Ever since former Mediacom CEO, Jon Mandel, publicly alleged four years ago at a forum held by the Association of National Advertisers that media buying agencies were engaged in non-transparent behaviors in order to retain discounts and rebates that belonged to advertisers, investigations into such practices have not receded.
The U.S. Department of Justice investigation, which has been underway for nearly a year, just recently led to the subpoena of records from one major advertiser.
Until now, attention within the industry has focused on behaviors among media buying agencies, real or imagined, but today’s article in AdAge adds a cautionary warning to marketers: some of you may want to lawyer up.

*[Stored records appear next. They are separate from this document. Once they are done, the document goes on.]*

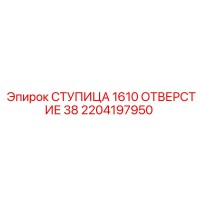 2204197950 СТУПИЦА 1610 ОТВЕРСТИЕ 38 Epiroc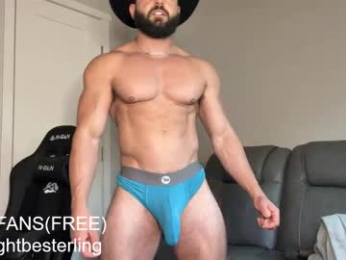 mightbesterling webcam model stream image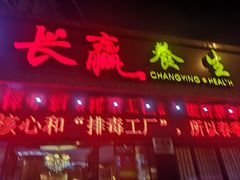 -长赢养生(平度店)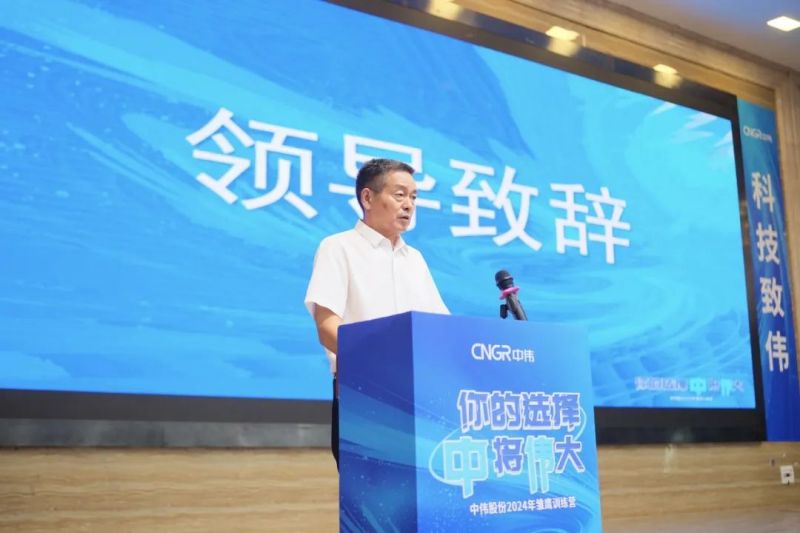 CA88(中国)唯一官方网站入口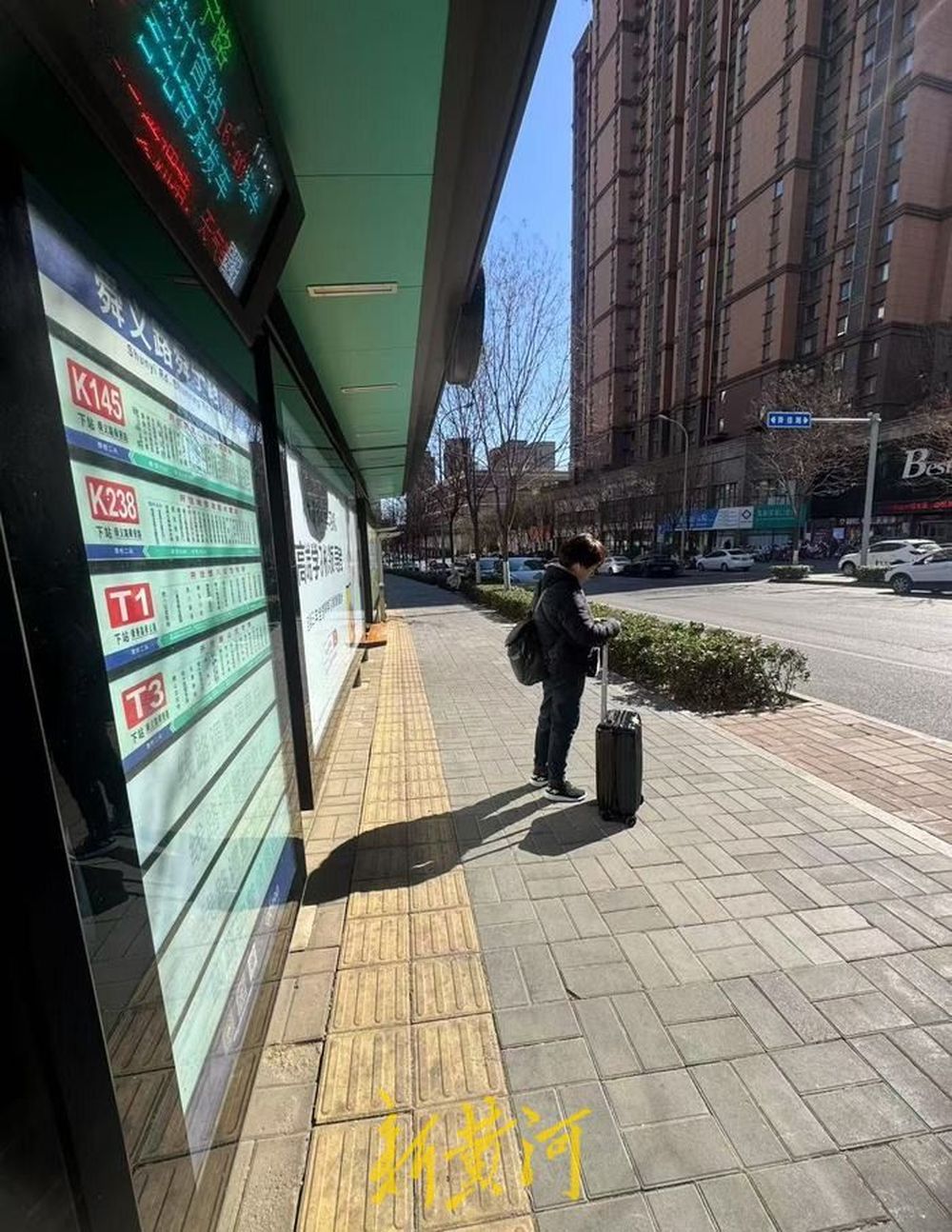 济南多个公交站牌名仅一字之差,市民称难分辨,官方回应记者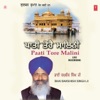 Bhai Bakshish Singh Ji - Aau Jee Tun Aau Hamarei
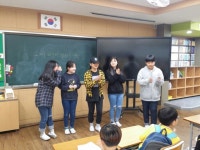 학교소식 > 유치원/초등학교 > 봉개초, 교내 제주어말하기 대회 실시 | 제주교육소식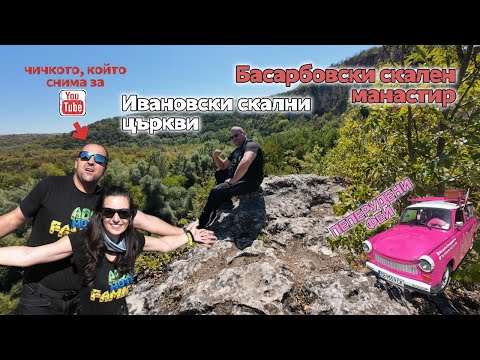 Видео: Ивановски скални църкви. Басарбовски манастир.
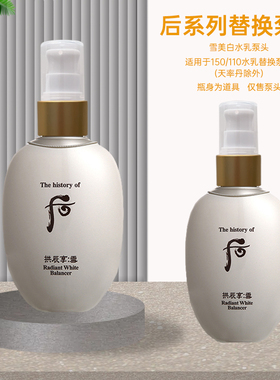 雪美白后水乳真空按压泵头喷头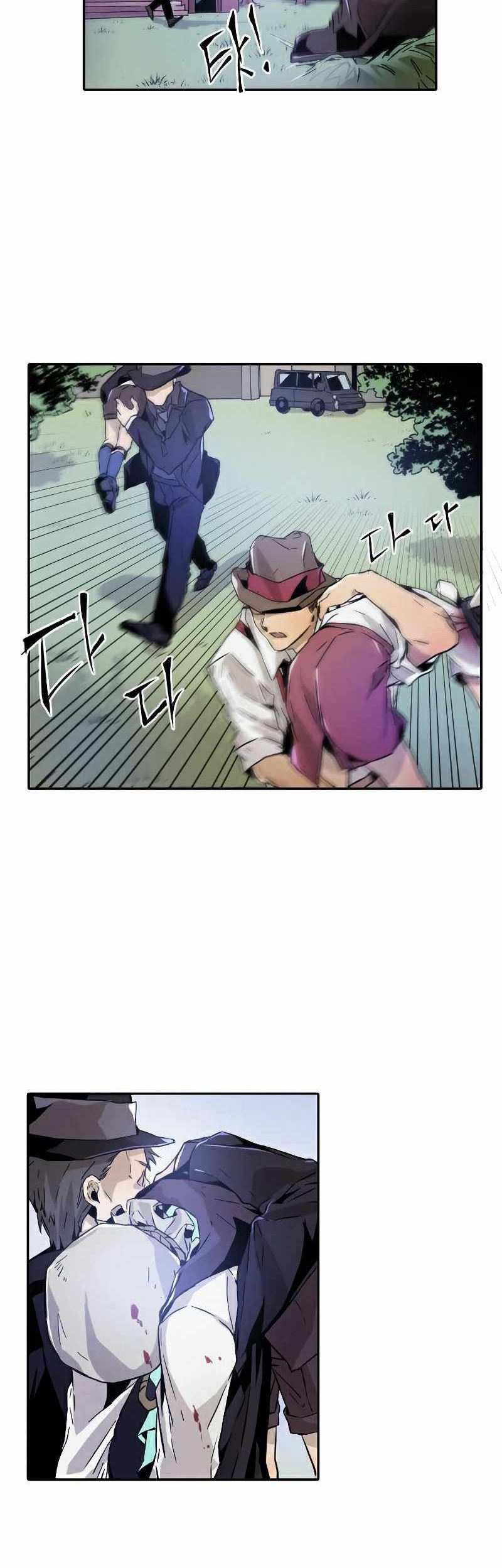 How To Kill A God Chapter 10 Gambar 11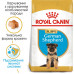 Корм для цуценят ROYAL CANIN GERMAN SHEPHERD PUPPY 3 кг
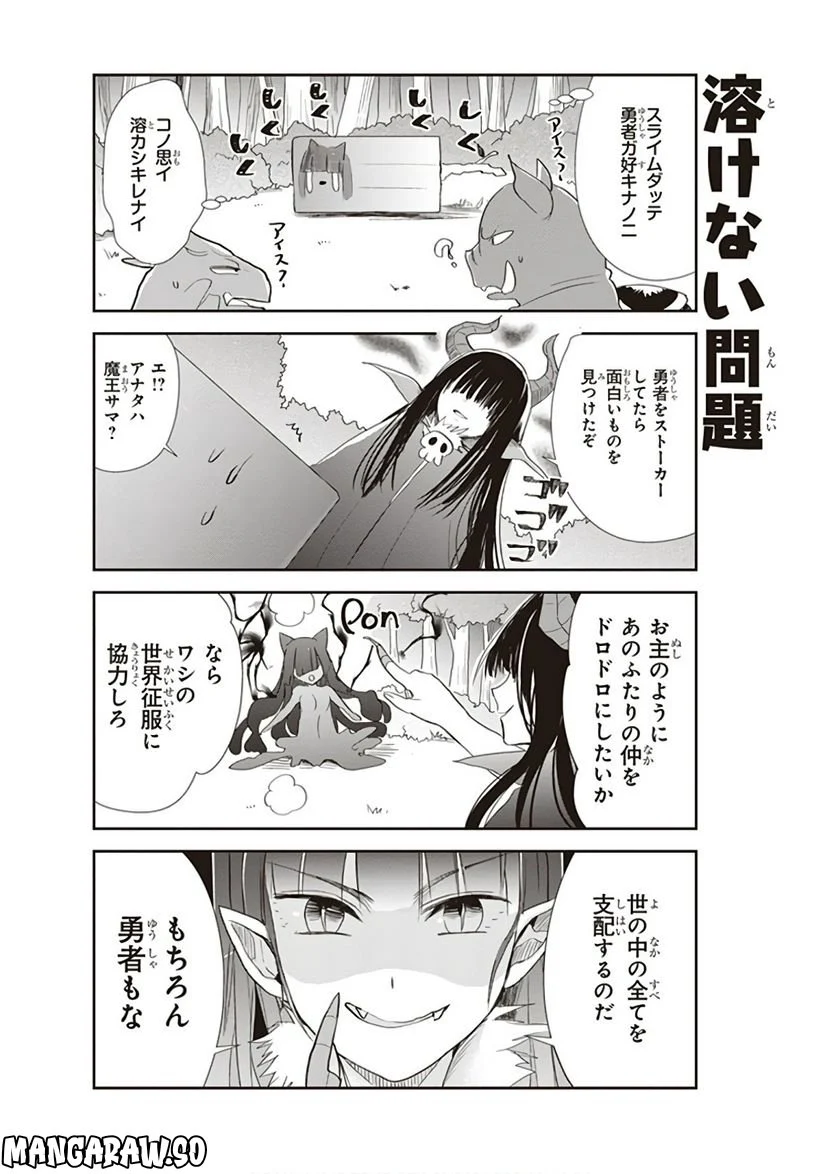 あなたの勇者浮気してますよ - 第9話 - Page 16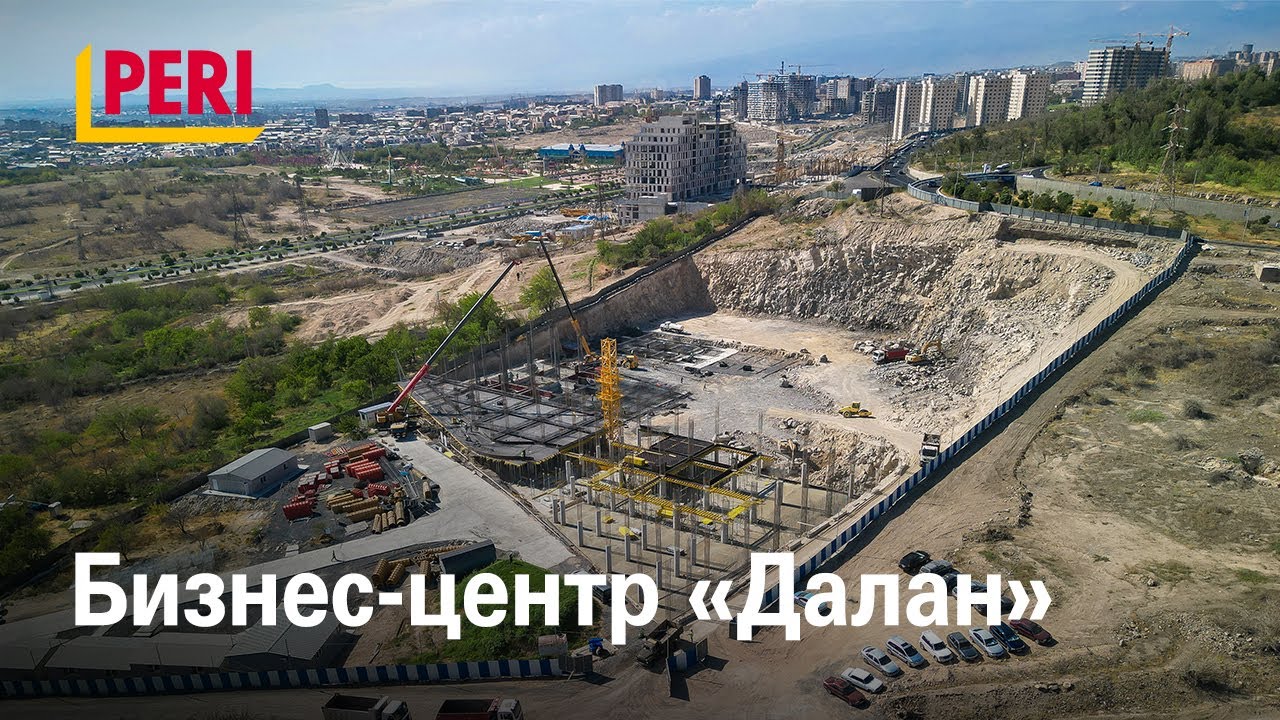 Бизнес-центр «Далан» г. Ереван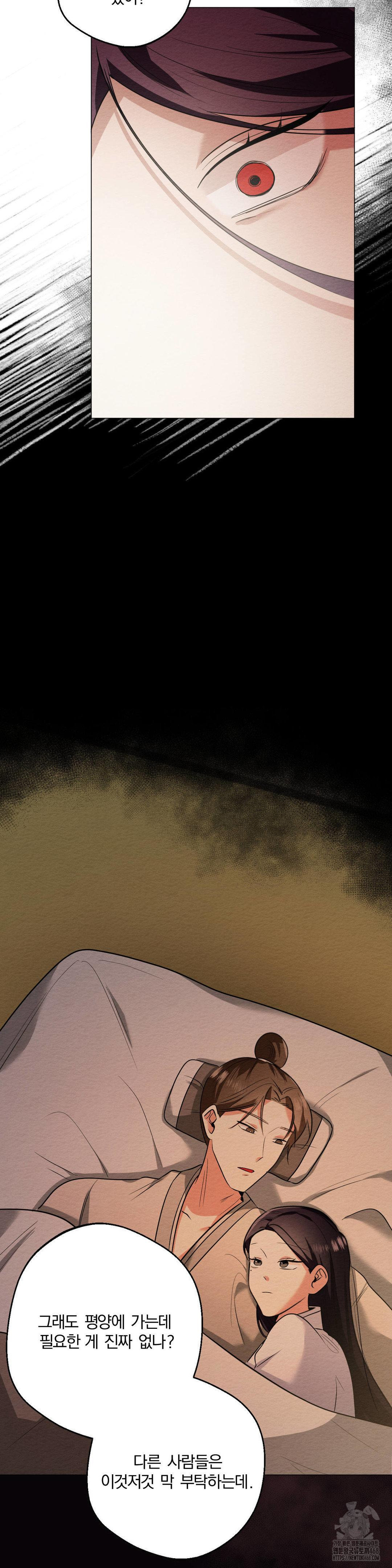 How to Tame a Bachelor Ghost Raw - Chapter 19 Page 20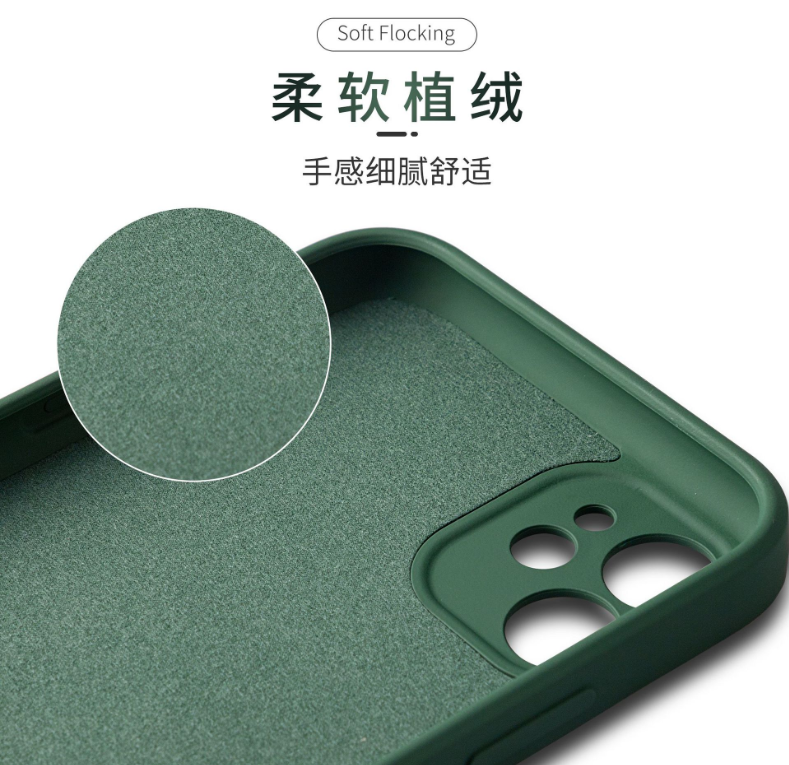 iphone11液態硅膠保護套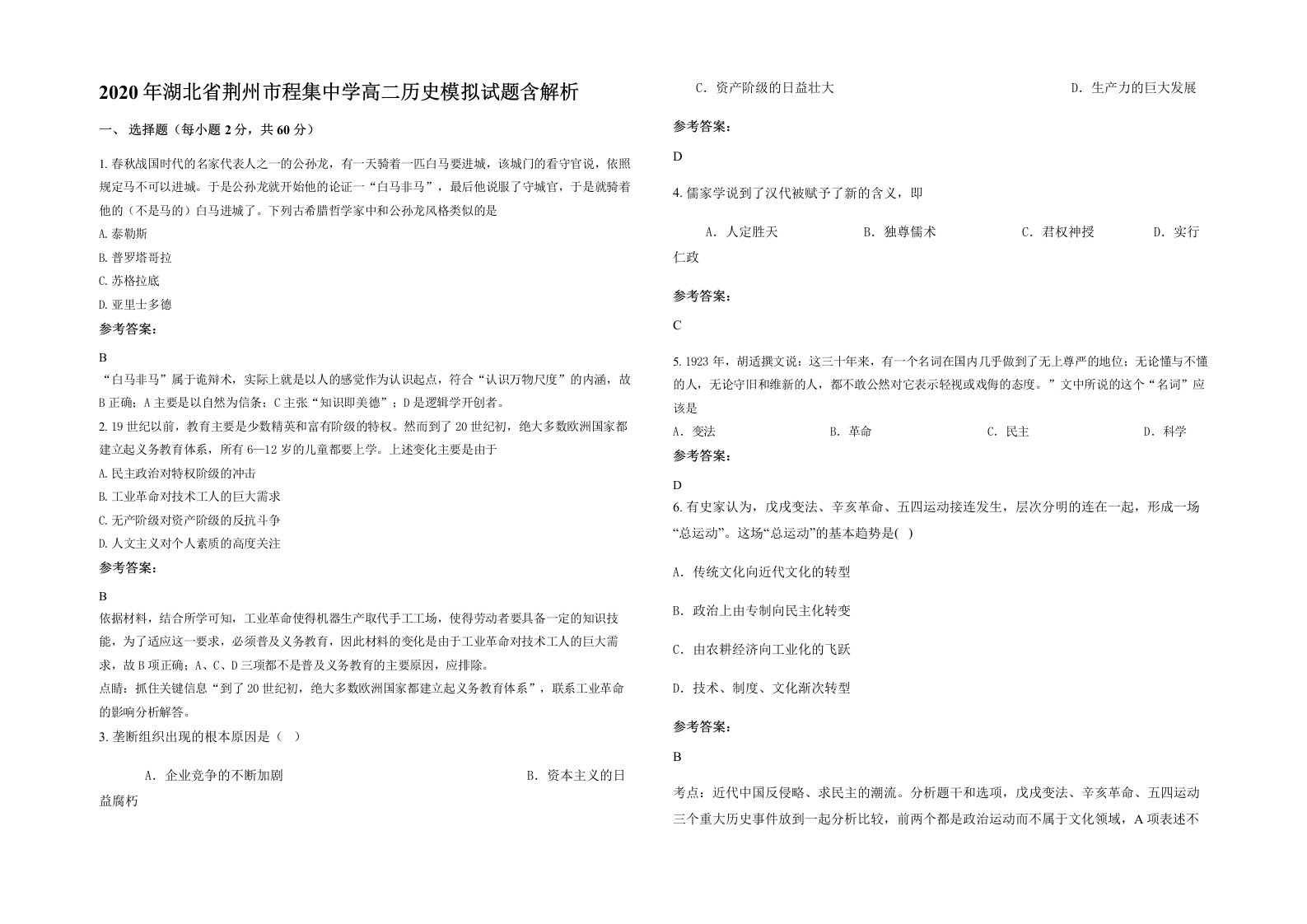 2020年湖北省荆州市程集中学高二历史模拟试题含解析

If investigators can prove any brand-side marketers approved of, encouraged or willfully ignored misconduct by their media agencies, they could be facing criminal charges. And someone on the agency side may strike a plea deal in exchange for implicating a client.
According to the ANA’s website, the purpose of its recently released whitepaper, Media Buying 2018 – Transparency at a Crossroads , co-developed with legal firm ReedSmith, is to “provide a historical perspective of the transparency issues and to outline the options that advertisers have to cooperate or not cooperate with the FBI.”
If you’re involved with media buying, either client or agency side, you may want to seek advice from your own counsel – both corporate and personal.